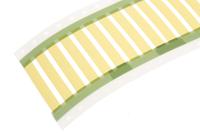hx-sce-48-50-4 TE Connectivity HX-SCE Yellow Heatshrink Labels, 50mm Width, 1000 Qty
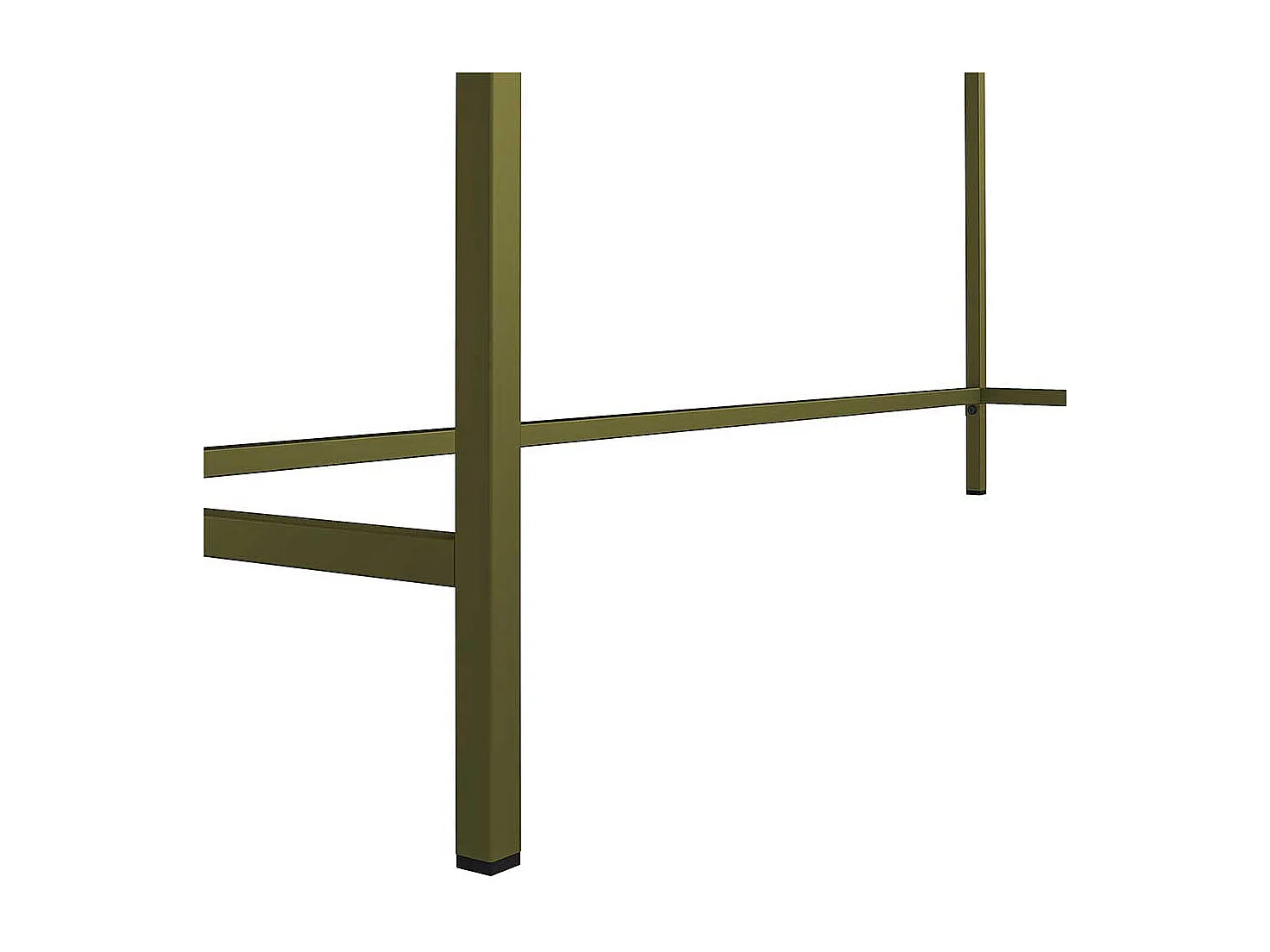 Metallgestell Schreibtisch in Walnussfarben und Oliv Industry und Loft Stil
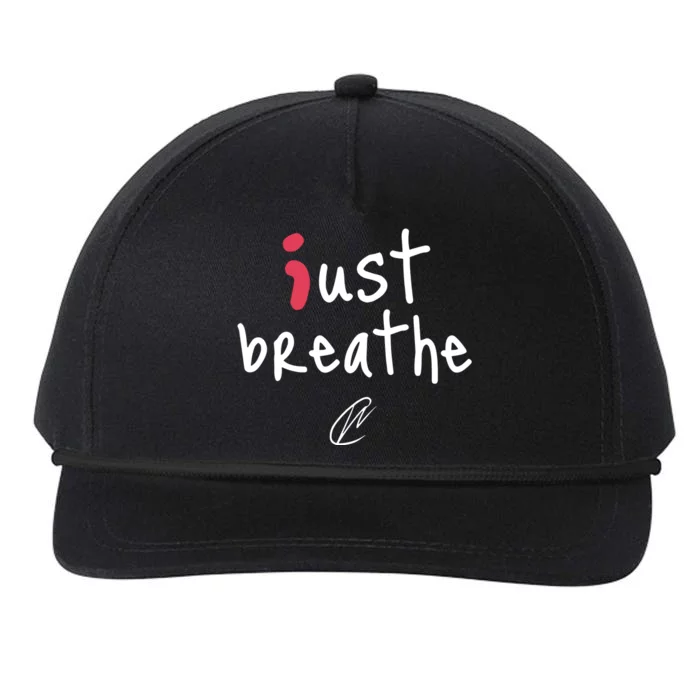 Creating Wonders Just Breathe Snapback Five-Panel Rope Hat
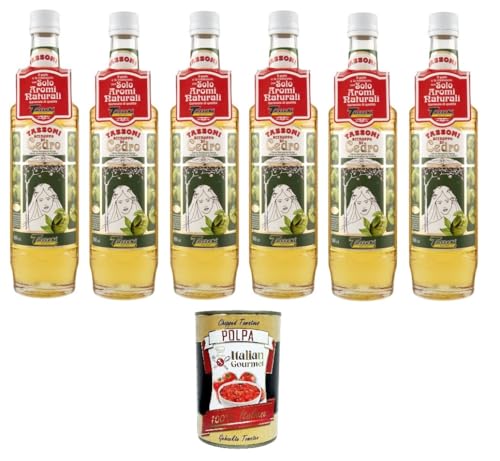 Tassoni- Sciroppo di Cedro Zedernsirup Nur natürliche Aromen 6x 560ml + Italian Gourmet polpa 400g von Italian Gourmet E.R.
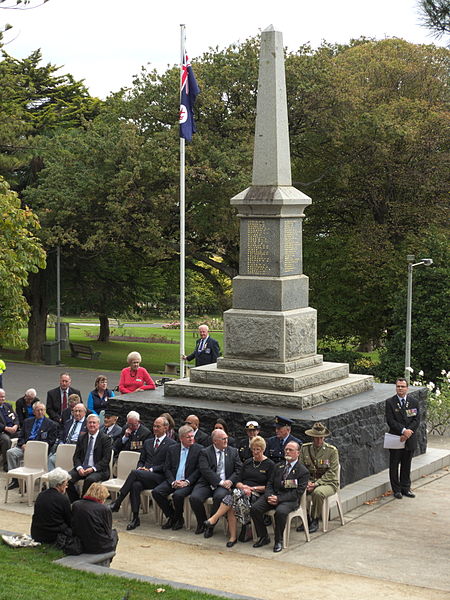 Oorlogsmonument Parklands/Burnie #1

★ ★ ★ ★ ★

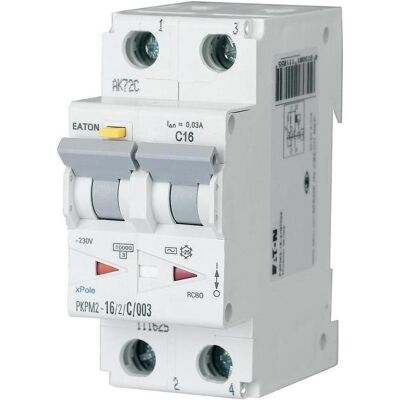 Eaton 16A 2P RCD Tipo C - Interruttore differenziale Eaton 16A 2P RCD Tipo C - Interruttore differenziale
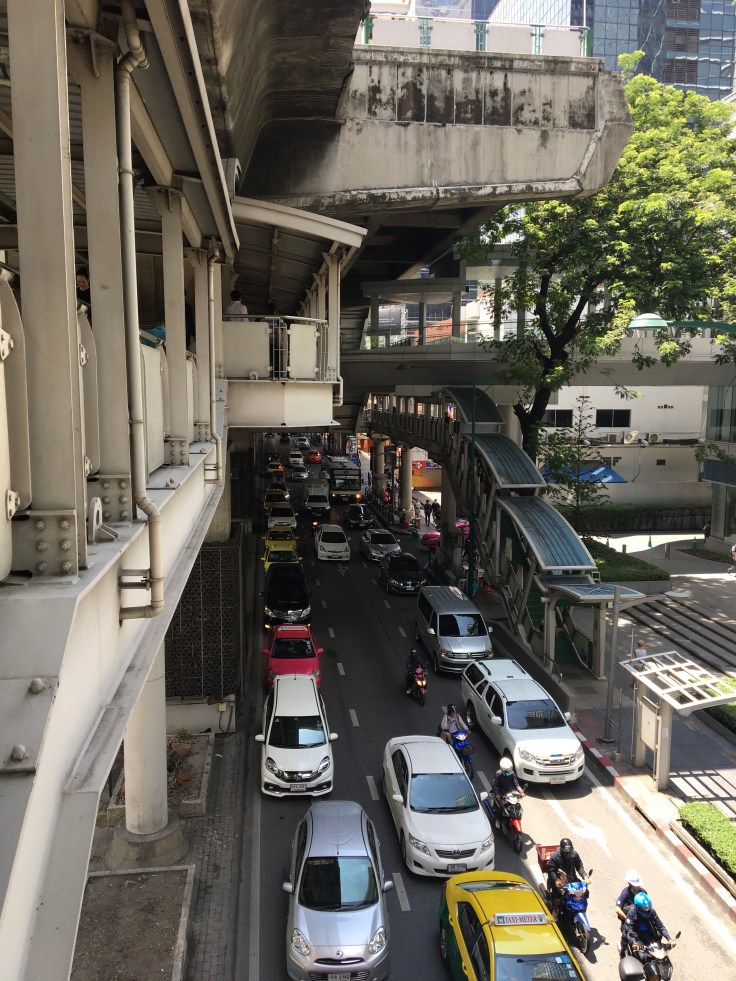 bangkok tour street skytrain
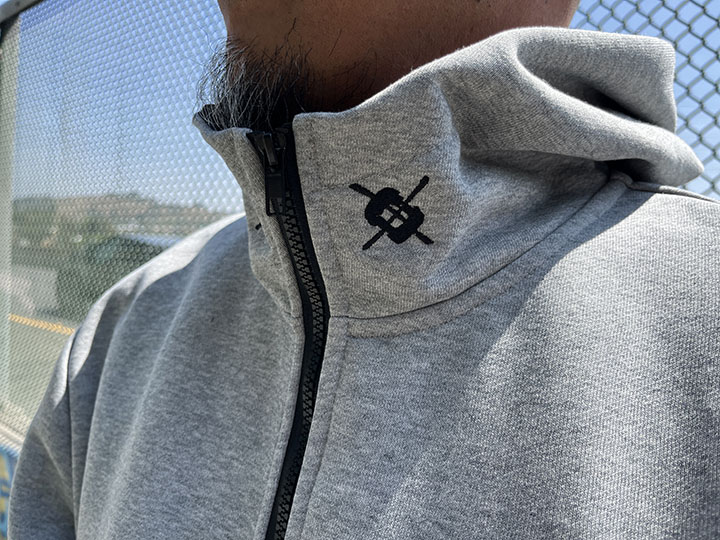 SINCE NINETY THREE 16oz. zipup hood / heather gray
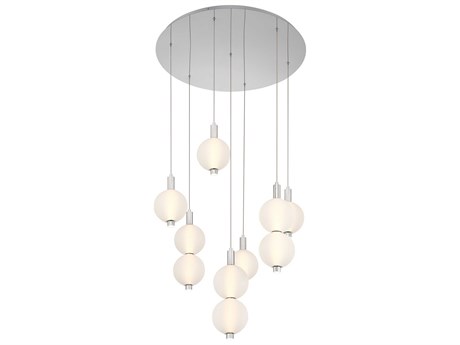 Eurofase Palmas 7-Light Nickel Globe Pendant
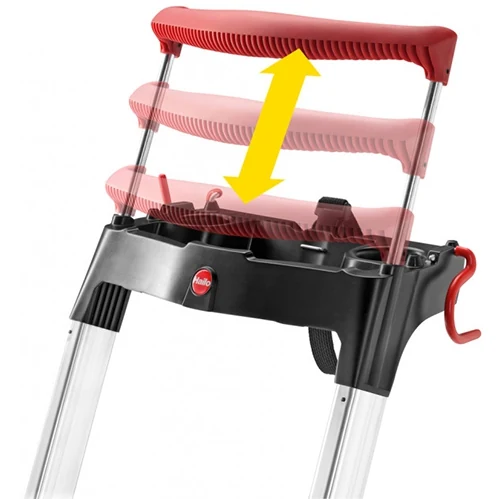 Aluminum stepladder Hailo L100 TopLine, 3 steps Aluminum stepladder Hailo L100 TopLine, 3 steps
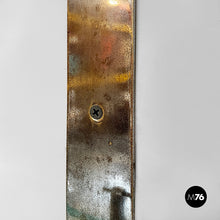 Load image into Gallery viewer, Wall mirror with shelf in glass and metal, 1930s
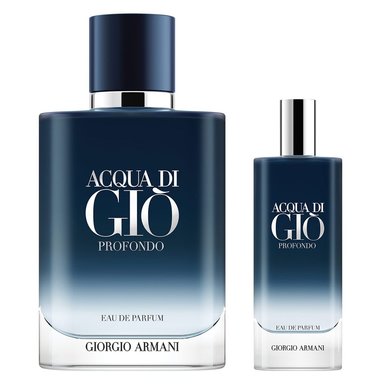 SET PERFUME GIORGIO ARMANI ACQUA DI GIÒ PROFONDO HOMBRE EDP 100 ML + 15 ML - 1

★ ★ ★ ★ ★

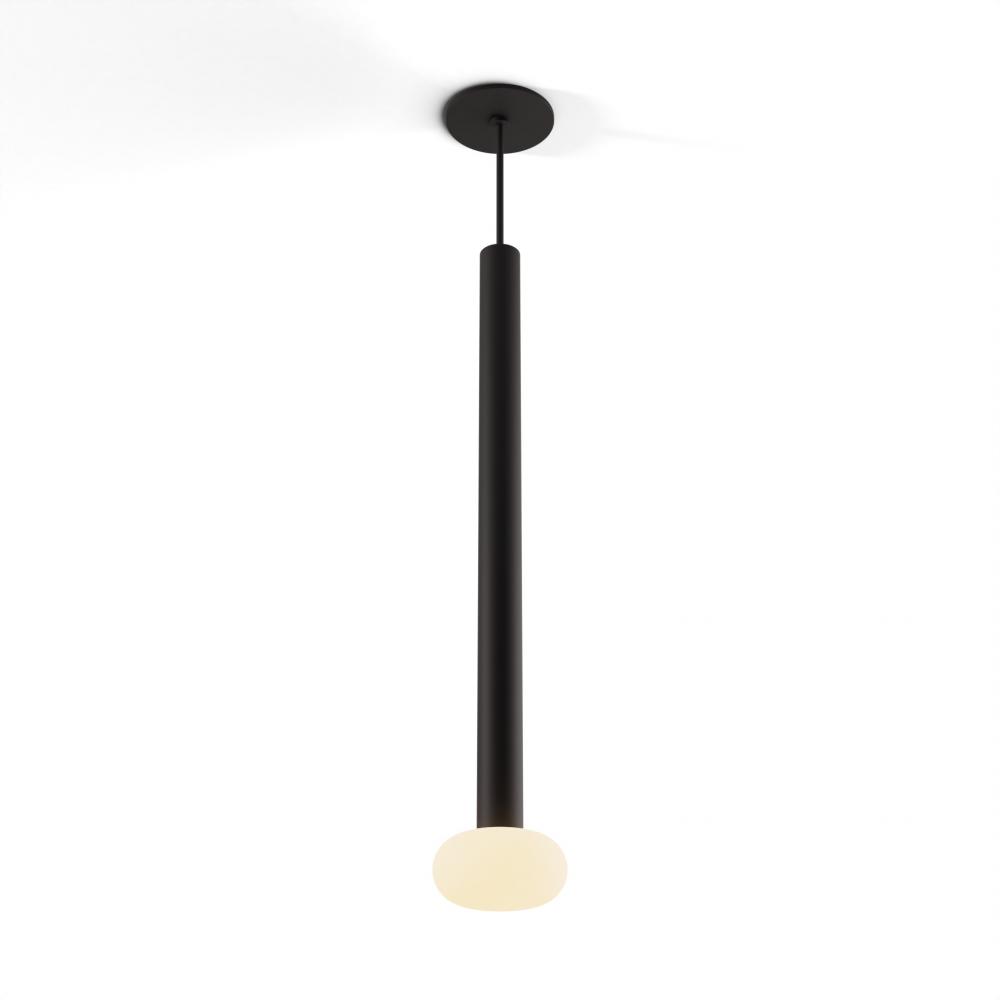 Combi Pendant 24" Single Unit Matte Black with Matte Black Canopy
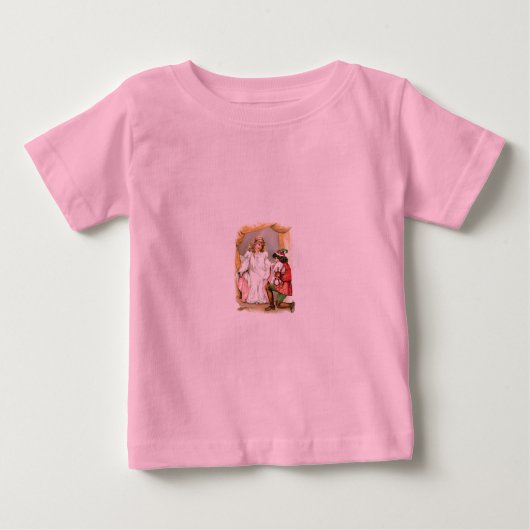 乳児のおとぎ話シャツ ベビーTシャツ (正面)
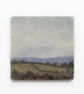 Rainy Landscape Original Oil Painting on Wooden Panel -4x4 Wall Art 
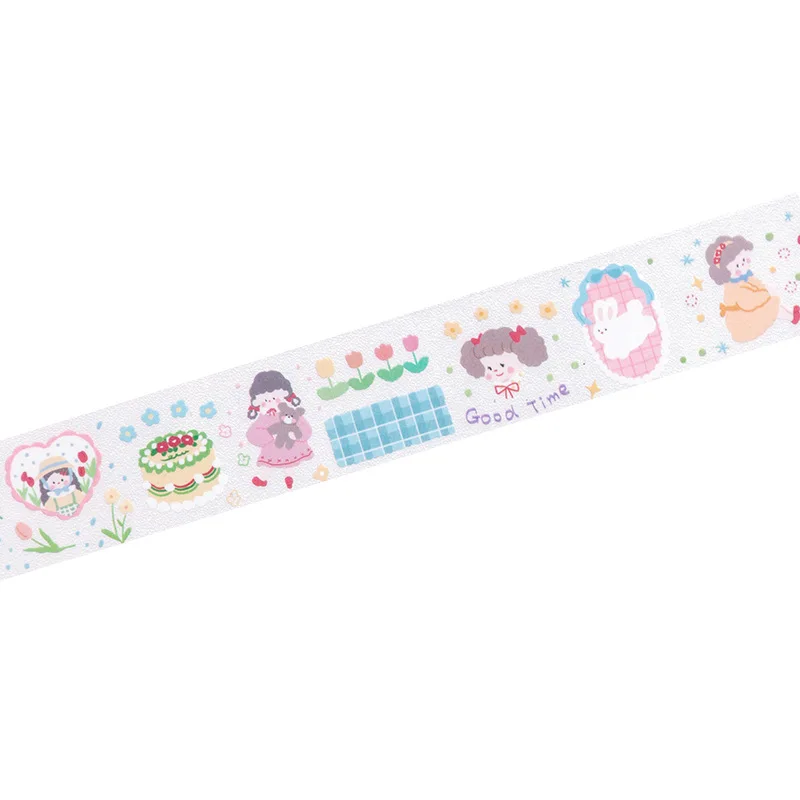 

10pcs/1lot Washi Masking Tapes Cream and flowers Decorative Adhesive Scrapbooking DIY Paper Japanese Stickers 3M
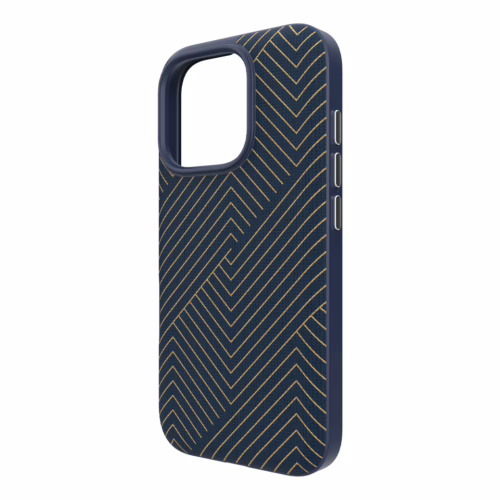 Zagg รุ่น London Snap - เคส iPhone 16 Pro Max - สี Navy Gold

★ ★ ★ ★ ★

Assignment>
Only one stretch of the material above is wanted: the line containing "hx-sce-48-50-4 TE Connectivity" through the line containing "Oorlogsmonument Parklands/Burnie #1". Restate it word for word, minus the pictures.

Output for this task>
hx-sce-48-50-4 TE Connectivity HX-SCE Yellow Heatshrink Labels, 50mm Width, 1000 Qty
 Metallgestell Schreibtisch in Walnussfarben und Oliv Industry und Loft Stil
 Creating Wonders Just Breathe Snapback Five-Panel Rope Hat
 Tassoni- Sciroppo di Cedro Zedernsirup Nur natürliche Aromen 6x 560ml + Italian Gourmet polpa 400g von Italian Gourmet E.R.
 Oorlogsmonument Parklands/Burnie #1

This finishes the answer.